== TASK DIRECTIONS ==
Filter the entries for the string "Grey". Copy each line that has it.

== TASK INPUTS ==
+-------+

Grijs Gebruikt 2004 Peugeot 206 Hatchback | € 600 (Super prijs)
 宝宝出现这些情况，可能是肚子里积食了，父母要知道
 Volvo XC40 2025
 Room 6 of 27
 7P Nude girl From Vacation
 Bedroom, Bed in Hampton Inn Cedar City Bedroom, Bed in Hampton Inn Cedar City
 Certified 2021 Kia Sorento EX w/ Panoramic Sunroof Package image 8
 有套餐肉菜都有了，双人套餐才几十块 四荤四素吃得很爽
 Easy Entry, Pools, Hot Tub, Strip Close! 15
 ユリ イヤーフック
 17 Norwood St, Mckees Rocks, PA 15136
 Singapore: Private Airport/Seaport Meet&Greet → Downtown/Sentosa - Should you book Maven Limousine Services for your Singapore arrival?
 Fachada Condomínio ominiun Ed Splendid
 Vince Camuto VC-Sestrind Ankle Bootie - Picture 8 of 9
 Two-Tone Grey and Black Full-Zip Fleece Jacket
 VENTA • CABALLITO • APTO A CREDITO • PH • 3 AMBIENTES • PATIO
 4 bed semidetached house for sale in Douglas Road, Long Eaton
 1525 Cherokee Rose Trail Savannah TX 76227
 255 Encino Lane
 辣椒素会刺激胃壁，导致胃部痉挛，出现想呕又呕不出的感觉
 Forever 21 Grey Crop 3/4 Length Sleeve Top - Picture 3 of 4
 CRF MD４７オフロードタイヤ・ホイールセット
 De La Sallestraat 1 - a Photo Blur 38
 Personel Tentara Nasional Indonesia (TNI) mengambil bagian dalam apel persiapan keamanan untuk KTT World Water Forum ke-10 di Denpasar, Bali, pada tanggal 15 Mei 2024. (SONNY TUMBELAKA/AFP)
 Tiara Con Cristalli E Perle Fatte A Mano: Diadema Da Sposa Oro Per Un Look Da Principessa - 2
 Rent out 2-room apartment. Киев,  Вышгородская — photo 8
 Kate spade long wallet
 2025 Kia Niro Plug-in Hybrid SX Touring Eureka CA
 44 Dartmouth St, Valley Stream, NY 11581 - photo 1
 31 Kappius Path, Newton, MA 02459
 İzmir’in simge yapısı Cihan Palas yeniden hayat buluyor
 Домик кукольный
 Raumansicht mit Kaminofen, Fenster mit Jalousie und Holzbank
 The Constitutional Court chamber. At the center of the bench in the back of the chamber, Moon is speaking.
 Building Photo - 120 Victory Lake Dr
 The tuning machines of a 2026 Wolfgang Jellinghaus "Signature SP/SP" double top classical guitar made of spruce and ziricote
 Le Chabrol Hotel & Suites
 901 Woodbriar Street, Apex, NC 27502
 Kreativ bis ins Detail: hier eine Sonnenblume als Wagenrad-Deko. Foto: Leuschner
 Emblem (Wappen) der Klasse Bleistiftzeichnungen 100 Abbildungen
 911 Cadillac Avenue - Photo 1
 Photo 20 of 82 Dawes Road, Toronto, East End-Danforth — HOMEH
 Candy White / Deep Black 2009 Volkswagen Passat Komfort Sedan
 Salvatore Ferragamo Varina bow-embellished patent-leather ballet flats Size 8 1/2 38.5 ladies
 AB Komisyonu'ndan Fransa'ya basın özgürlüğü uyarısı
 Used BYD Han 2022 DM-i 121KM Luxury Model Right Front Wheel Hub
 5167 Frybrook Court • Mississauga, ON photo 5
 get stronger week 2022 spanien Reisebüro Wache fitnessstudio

+-------+

== SOLUTION TO THIS PROBLEM ==
 Two-Tone Grey and Black Full-Zip Fleece Jacket
 Forever 21 Grey Crop 3/4 Length Sleeve Top - Picture 3 of 4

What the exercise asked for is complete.